Corbusier’s grid-based city plan also had explicit masculine overtones, and his planning was based on the dimensions of the ‘modular man’ (see Constant, 2012; Imrie, 2003; Kalia, 1988, 1999). He is known to have made bizarre statements like ‘Man walks in a straight line because he has a goal and knows where he is going’ (cited in Kalia, 1999: 89). According to him, only ‘donkeys’ meandered and followed zigzag patterns (Kalia, 1999: 89). Such a conceptualisation of the city reflects that Corbusier was not making any space for deviance from his ‘perfect, straight man’, implying that there was no space for ‘queerness’ or what he calls ‘walking zigzag’ in this utopian vision for the city. Corbusier’s plan for residential sectors referred to as ‘container of family life’ (Kalia, 1999: 107) implied a heteronormative family. Each sector in Chandigarh is bound in by the fast-traffic roads surrounding it, and entry into the sectors is limited. Public transport is almost nonexistent, and ownership of a family car is the norm in the city. Much of the queer community in the city which belongs to the lower-middle class cannot afford to live inside this planned grid of Chandigarh.
The open-hand monument that symbolised openness and inclusivity remains merely a token. Fitting (2002: 82) astutely explains that the buildings of Le Corbusier’s capitol complex and, in particular, the structure of the Open Hand, stand as monuments to a utopian world, one which has not yet been realised; a reminder, then, of those dreams and of the understanding that the utopian city can only be achieved in the context of a larger social transformation.
In the year of writing this article (2022) the starting point of the pride parade was moved to the open hand monument (Figure 1). Such a move has immense symbolic and political significance since it reasserts the gesture of inclusion for which the open hand stands. We asked the organisers of the parade why the venue was shifted from the heart of the city to the northern part of the city (the Open-Hand monument to the Sukhna Lake). To which they replied that they are trying to spread awareness by taking the walk to every part of the city. This move is politically strategic since it reclaims the monument that symbolises the vision of Chandigarh as a utopian city. The culmination of the walk at the lake on a Sunday where hetero families come for weekend picnics was also impactful as it helps normalise the presence of queer bodies in city.

Glimpses of the 2022 parade that began at the open hand monument and culminated at the lake. One can see the Open Hand monument, children’s play area, preparations for the parade and onlookers.
Sharma (2018) argues that the urban villages that did not form a part of the planned grid offer Kothis and Panthis the space to express and practice their sexuality. It is these villages that absorb most of the diversity and represent spaces of inclusion by accommodating migrants from rural areas, people with alternative sexualities and the service providers for the planned city.
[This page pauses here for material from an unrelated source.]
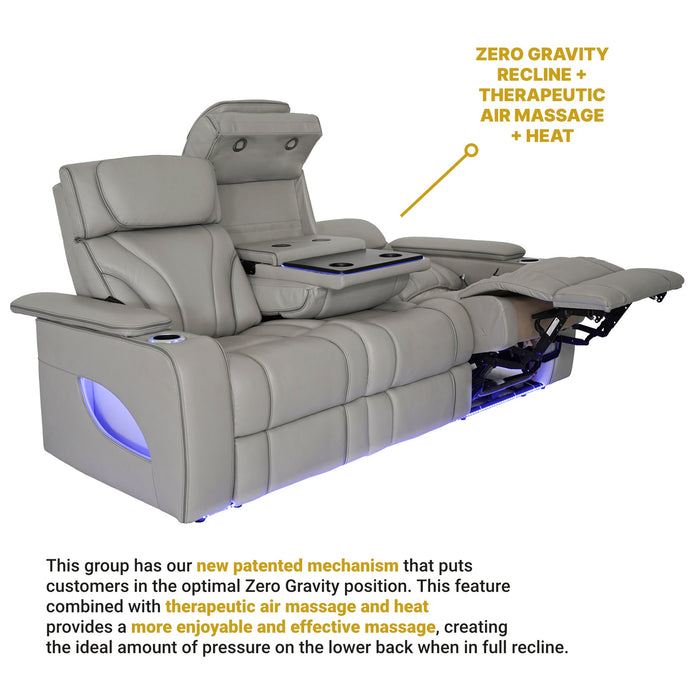 Octavia 86" Zero Gravity Power Reclining Sofa with Heat and Massage in Silver and Gray Leather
Kothi men who live in the periphery cruise and hang-out in spaces that the city’s elite do not frequent; examples of such spaces are the bus-stands in Sectors 17 and 43, the corners of big parks and the back-corridors of city markets.
The next section details the pride events in Chandigarh and goes on to show that despite challenges and contradictions these events provide hope for a better urban future (Jones, 2013).
Walking the pride: Chandigarh’s utopian moments
Being in the pride walk is a mixed experience. It is hard to decipher whether one is participating in festivities or is part of a protest march. I never imagined a parade like this in Chandigarh.
Queer bodies do not quite fit into the normalised public spaces in the city and are usually thought of as a threat to the public order (Johnston, 2002; Nagle, 2022). This section looks at the consultations, compromises and celebrations that surround the pride walk in Chandigarh. We pay attention, not just to the actual event but the months-long planning and permissions that go into organising the parade and to the socio-spatial transformations that follow.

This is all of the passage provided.